The potential breakup of General Electric may unlock more value than previously thought, Melius Research analysts wrote in a note Friday.
Past looks at the value of GE's individual businesses — also known as a "sum-of-the-parts" analysis — cast doubt on whether a fire sale of GE's assets would even fetch today's price at $13.28 per share. But Melius found that spinoffs from U.S. industrial companies return twice the value of the broader stock market, revealing a more optimistic forecast for GE.
"GE's [sum-of-the-parts] as an example … likely undervalues the assets by 25 percent or more," Melius wrote.

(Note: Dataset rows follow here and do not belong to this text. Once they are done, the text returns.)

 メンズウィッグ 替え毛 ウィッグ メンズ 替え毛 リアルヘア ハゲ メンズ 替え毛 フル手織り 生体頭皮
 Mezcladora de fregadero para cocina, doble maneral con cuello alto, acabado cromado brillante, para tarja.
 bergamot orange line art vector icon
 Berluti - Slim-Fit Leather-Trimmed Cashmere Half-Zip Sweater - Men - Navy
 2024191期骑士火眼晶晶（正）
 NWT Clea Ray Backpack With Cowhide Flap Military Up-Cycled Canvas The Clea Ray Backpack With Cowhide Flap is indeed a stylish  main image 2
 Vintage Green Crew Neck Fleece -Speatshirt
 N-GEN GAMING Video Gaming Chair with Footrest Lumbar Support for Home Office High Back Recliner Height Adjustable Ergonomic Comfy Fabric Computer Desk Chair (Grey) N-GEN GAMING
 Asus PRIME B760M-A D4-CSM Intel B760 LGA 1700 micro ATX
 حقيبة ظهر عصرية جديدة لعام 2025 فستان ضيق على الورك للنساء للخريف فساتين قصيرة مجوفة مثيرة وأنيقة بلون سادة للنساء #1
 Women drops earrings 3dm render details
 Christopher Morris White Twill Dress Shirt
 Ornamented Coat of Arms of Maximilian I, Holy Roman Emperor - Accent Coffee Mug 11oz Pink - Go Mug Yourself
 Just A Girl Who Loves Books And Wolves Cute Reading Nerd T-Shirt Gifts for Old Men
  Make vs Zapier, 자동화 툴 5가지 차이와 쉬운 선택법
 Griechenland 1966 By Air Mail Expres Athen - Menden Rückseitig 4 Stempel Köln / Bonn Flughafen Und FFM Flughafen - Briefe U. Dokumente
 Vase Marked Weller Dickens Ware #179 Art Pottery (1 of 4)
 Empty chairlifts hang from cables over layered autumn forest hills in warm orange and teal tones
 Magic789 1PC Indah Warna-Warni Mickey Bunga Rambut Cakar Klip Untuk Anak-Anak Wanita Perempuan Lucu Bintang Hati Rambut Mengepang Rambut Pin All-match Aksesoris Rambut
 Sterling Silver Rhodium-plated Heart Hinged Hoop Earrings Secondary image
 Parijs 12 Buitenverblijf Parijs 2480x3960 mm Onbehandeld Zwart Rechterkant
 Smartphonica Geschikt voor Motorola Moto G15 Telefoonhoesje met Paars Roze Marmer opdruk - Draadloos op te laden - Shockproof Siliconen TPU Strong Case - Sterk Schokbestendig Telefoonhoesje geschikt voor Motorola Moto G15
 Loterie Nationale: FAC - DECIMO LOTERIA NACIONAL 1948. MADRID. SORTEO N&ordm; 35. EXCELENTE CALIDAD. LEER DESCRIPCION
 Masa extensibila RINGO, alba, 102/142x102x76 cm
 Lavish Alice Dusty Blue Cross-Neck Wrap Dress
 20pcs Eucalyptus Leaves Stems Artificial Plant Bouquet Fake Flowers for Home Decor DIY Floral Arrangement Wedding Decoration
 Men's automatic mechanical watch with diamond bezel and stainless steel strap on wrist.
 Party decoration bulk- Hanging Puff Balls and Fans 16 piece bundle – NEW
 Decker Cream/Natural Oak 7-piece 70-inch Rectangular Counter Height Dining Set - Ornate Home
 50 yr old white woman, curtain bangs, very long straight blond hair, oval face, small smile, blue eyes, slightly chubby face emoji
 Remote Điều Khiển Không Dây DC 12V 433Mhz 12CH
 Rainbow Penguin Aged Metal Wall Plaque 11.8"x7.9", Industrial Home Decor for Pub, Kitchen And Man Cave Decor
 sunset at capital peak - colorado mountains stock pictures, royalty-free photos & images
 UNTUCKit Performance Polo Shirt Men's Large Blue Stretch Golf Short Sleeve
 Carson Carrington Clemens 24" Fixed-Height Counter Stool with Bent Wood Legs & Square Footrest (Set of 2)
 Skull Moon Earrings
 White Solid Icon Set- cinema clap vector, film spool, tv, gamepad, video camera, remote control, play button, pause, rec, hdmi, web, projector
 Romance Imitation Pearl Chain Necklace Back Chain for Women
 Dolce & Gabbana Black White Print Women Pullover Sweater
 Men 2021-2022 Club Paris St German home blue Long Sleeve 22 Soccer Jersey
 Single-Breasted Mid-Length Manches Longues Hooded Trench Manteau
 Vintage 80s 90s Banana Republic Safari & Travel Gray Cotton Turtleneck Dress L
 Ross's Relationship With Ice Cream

Former industrial conglomerates are shedding assets due to pressure from both shareholders and activist investors, Melius found. Coupled with a "lack of interest in traditional conglomerates," more spinoffs from GE, Johnson Controls, Honeywell and others are likely in the near future, according to the firm.
These spinoffs have "historically created outsized value," Melius said. A spinoff removes what Melius called the bureaucratic culture that comes with a large conglomerate. Therefore, "even with lackluster" spinoffs, employees are reinvigorated and able to achieve greater efficiency than were ever probable under the conglomerate.
Spinoffs also get a boost from "the scrutiny of a new shareholder base," according to Melius. Taken out from under the wing of a conglomerate, a spinoff can no longer disguise financial results from investors.